The process of selecting wave events and distinguishing the wave mode in this study is as follows. Firstly, we conduct a wavelet analysis of THEMIS ion velocity and magnetic field data in GSM coordinates and choose the wave events that roughly satisfy the criteria mentioned above. Then, we transform from GSM to FAC coordinates for magnetic field and ion velocity data and calculate the electric field. To quantitatively distinguish the azimuthal or radial oscillating waves, a fast Fourier transform (FFT) analysis is applied to all three components of the ion velocity (Fig. 2).

Figure 2 shows two typical events (labeled A and B), with Event A occurring near $R\approx \mathrm{19}$ $R_{\mathrm{E}}$ from 05:50 to 06:50 UT on 1 February 2009 and showing azimuthal oscillations, and Event B occurring near $R\approx \mathrm{8}$ $R_{\mathrm{E}}$ from 07:28 to 08:28 on 11 April 2013 and showing radial oscillations. Figure 2 shows three components of the ion velocity (a–c), magnetic field (d–f), and calculated electric field (g–i), in addition to the total ion density (j) and total magnetic field (k), which are used for excluding mirror-like structures. Figure 2l–n show the power spectral density (PSD) of the three components of the ion velocity derived by FFT. Only events with an obvious single spectral peak, similar to events A and B, are considered quasi-monochromatic waves and are selected in our list of events. In events A and B, the peak in the PSD of the dominant wave component exceeds its counterpart by a factor of 4, enabling their unambiguous designation as an azimuthal and radial oscillation event, respectively. Events for which the peak in the PSD in $V_a$ and $V_r$ have similar magnitudes are simply regarded as both an azimuthal oscillating event and a radial oscillating event. Note that the magnetic field vector used for calculating $E$ ($E=-\mathit{\delta }V\times B$) at each moment may deviate from the $z$-axis determined by the 30 min sliding average of the magnetic field data. Therefore, the $E_z$ component will have a small deviation from zero in the FAC coordinate system, as shown in Fig. 2g.
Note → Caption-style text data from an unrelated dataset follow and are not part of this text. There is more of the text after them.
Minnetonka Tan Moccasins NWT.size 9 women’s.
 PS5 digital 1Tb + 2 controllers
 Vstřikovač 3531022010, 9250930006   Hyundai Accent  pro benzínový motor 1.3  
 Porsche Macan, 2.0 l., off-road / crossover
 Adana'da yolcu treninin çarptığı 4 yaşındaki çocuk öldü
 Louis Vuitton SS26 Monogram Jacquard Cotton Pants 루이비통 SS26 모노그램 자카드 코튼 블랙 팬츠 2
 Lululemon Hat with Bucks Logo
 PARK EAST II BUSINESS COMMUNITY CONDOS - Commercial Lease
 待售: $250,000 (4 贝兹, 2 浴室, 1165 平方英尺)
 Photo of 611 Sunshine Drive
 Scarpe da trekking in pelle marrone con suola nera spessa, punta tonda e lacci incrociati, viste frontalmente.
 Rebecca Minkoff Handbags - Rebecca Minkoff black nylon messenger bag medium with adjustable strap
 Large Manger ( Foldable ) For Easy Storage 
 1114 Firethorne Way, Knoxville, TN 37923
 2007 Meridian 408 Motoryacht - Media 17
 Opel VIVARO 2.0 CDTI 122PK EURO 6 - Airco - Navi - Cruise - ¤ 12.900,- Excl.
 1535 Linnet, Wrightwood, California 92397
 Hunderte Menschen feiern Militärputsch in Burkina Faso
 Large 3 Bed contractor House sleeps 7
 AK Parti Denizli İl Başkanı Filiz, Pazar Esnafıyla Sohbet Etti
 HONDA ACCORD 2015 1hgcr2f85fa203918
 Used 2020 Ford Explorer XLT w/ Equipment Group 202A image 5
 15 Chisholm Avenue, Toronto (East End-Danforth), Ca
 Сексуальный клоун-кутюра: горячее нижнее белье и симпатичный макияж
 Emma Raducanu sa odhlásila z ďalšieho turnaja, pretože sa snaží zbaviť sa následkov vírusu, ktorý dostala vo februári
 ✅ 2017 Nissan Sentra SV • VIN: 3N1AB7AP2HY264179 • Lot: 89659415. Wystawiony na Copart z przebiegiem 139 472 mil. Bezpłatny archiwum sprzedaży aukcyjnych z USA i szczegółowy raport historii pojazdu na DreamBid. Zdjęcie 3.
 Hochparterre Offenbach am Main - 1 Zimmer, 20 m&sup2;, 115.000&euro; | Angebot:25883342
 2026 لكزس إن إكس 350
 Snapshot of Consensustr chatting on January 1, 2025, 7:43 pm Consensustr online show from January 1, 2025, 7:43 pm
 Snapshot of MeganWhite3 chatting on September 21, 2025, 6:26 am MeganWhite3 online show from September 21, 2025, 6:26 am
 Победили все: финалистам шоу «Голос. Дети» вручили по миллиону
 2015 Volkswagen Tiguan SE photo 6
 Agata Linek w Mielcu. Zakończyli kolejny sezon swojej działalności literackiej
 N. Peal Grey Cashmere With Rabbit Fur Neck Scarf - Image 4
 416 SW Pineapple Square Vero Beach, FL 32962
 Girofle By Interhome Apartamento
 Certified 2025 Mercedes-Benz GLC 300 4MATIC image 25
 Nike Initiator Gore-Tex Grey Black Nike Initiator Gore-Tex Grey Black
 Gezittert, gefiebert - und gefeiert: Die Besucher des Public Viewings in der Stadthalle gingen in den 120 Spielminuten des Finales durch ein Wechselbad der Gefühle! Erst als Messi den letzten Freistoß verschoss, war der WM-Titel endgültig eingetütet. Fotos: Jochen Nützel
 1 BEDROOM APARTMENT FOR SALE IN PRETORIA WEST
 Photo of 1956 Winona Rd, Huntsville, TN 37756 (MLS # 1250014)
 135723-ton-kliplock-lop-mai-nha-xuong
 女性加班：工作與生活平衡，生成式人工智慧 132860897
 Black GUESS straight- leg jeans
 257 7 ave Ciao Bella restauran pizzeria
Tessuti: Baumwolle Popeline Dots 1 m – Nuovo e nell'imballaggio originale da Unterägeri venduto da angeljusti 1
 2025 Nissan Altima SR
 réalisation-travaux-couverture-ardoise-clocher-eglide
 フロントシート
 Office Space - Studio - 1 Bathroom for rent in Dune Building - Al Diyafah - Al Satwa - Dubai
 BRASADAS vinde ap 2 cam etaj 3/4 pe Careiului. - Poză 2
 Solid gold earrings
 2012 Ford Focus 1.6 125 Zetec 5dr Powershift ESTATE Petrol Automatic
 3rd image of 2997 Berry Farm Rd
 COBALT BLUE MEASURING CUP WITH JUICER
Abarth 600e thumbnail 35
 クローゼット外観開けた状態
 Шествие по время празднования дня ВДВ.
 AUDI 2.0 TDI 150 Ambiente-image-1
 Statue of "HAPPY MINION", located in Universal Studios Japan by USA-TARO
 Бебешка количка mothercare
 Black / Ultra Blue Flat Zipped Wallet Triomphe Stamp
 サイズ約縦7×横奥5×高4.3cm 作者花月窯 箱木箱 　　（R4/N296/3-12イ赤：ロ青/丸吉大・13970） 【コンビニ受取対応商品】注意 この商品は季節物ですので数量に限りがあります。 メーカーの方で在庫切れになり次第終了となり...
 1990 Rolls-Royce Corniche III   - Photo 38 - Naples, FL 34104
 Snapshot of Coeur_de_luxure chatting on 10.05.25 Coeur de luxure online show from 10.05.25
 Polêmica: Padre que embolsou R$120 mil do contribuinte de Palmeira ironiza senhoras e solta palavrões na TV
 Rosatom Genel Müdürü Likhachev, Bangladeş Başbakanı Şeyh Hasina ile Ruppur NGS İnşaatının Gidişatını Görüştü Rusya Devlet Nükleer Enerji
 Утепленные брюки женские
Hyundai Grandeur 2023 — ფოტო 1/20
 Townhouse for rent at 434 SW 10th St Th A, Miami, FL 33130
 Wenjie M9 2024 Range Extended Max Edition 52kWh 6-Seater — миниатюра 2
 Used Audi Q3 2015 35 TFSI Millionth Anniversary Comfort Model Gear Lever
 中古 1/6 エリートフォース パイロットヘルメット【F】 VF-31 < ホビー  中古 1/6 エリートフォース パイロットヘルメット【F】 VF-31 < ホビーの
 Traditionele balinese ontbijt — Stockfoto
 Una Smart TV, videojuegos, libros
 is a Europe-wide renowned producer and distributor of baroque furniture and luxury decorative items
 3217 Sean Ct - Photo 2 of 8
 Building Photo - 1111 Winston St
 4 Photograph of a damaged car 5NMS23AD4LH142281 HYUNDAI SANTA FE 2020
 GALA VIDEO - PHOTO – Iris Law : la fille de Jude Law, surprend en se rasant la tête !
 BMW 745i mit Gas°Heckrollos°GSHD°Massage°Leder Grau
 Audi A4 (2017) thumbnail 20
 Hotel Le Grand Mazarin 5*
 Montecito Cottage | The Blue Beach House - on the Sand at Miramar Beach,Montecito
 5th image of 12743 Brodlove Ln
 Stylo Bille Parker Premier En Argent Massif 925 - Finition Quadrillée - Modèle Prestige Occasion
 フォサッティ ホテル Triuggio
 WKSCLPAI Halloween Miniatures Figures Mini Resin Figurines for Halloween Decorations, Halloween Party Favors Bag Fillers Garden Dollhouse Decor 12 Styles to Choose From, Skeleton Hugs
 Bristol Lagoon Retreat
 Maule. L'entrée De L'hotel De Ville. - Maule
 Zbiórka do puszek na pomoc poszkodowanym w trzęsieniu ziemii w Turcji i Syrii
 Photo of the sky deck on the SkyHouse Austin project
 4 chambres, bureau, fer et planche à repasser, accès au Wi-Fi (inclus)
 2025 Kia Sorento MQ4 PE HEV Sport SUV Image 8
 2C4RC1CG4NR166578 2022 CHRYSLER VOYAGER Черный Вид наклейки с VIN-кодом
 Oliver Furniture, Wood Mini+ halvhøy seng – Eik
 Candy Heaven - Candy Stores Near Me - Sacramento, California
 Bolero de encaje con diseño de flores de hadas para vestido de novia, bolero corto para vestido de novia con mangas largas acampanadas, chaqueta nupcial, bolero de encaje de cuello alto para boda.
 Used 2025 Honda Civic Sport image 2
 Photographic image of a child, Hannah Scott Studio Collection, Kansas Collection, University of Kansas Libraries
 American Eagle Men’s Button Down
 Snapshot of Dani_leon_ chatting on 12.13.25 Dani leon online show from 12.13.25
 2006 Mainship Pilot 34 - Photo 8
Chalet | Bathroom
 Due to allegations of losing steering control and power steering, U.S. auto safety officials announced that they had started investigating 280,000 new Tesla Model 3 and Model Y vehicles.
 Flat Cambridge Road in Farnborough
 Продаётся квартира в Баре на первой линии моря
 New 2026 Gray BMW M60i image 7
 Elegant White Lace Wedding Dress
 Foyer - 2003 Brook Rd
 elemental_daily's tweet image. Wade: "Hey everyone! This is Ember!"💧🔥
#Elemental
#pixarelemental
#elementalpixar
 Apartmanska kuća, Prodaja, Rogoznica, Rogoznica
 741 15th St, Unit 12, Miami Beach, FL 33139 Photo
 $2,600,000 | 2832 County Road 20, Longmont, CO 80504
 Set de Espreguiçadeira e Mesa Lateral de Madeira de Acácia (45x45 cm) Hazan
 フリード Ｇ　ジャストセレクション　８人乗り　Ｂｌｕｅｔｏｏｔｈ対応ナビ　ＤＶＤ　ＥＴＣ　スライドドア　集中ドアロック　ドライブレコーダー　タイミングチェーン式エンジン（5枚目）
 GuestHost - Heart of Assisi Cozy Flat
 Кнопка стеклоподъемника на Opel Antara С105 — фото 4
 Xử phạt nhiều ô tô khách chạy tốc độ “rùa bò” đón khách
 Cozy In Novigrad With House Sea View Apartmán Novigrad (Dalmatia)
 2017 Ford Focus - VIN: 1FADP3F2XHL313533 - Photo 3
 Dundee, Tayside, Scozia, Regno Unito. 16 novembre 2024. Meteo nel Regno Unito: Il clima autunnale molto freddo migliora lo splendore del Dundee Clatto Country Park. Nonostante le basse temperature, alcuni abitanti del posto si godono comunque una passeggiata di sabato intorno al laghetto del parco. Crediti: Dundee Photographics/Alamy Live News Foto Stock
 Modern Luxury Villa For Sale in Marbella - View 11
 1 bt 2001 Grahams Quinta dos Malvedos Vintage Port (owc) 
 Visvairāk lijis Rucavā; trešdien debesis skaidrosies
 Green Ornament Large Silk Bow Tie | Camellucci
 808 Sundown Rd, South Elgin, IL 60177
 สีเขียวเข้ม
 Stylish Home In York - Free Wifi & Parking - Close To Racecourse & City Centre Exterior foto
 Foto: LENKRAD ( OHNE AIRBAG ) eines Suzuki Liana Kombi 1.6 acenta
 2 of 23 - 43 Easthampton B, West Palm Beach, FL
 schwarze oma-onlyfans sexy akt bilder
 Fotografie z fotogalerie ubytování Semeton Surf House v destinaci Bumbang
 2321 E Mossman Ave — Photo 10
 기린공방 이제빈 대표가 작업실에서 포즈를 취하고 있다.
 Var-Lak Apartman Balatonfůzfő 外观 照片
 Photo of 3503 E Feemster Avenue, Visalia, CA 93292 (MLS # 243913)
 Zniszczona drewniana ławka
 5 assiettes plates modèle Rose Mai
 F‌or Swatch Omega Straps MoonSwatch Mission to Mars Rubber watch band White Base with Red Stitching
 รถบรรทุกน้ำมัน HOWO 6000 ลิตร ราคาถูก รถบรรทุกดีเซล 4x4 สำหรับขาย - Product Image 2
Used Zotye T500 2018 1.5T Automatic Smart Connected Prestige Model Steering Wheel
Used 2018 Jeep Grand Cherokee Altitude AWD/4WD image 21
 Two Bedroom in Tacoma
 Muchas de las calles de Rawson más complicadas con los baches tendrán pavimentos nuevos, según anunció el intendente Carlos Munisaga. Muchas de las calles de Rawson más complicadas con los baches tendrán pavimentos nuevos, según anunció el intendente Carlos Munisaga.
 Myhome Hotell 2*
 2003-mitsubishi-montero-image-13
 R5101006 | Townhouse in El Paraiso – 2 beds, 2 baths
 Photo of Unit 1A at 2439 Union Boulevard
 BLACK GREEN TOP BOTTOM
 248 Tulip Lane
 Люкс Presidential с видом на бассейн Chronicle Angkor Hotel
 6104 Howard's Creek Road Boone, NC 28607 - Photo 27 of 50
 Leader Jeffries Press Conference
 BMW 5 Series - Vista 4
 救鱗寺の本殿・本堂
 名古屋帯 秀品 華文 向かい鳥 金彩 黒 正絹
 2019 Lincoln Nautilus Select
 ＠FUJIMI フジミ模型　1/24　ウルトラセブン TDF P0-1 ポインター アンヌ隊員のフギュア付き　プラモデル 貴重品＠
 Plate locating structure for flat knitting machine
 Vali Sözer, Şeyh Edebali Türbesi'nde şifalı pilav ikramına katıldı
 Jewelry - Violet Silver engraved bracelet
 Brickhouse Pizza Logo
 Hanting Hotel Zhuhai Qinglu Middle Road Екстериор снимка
The average frequencies of azimuthal oscillating wave events (a) and radial oscillating wave events (b) in the GSM${}^{\ast }$ $X$-$Y$ plane.

[Figure omitted. See PDF]

In total, we find 1089 azimuthal oscillating wave events and 566 radial oscillating wave events, with an average event-time duration of $\sim \mathrm{54}$ min. Figure 3a and b show the spatial distribution of the number of events in the GSM${}^{\ast }$ $X$-$Y$ plane, both for azimuthal (left panel) and radial (right panel) oscillating wave events. The blank bins inside the magnetopause indicates that there are no events.

Statistical analysis

Occurrence rate

Figure 3c and d show the occurrence rates of azimuthal oscillating wave events (left panel) and radial oscillating wave events (right panel) in the GSM${}^{\ast }$ $X$-$Y$ plane. The color indicates the occurrence rate calculated by dividing the total duration of all events by the total duration of observations in each bin shown in Fig. 1. The blank bins inside the magnetopause indicate that there are no events. In the near-Earth region (8 $R_{\mathrm{E}}\mathit{<}R\mathit{<}\mathrm{12}$ $R_{\mathrm{E}}$), we can see that the occurrence rates of both azimuthal and radial oscillating events in the dusk and dawn flanks (18:00–21:00 MLT and 03:00–06:00 MLT) are higher than the midnight regions (21:00–03:00 MLT). For radial oscillating events, the occurrence rates of waves are higher on the dusk side than on the dawn side. For azimuthal oscillating events, the dawn–dusk asymmetry in the occurrence rates is less clear than that of radial oscillating events. In the magnetotail region (12 $R_{\mathrm{E}}\mathit{<}R\mathit{<}\mathrm{32}$ $R_{\mathrm{E}}$), the occurrence rates of both modes of waves are slightly higher in the post-midnight region. Note that, although no wave events are found in the dawn-side flank region (20 $R_{\mathrm{E}}\mathit{<}R\mathit{<}\mathrm{32}$ $R_{\mathrm{E}}$, 03:00–06:00 MLT), the total observation time is also very short (< 38 h) in this region. So we cannot conclusively say that the occurrence rates on the dusk side flank region are higher than that of the dawn side.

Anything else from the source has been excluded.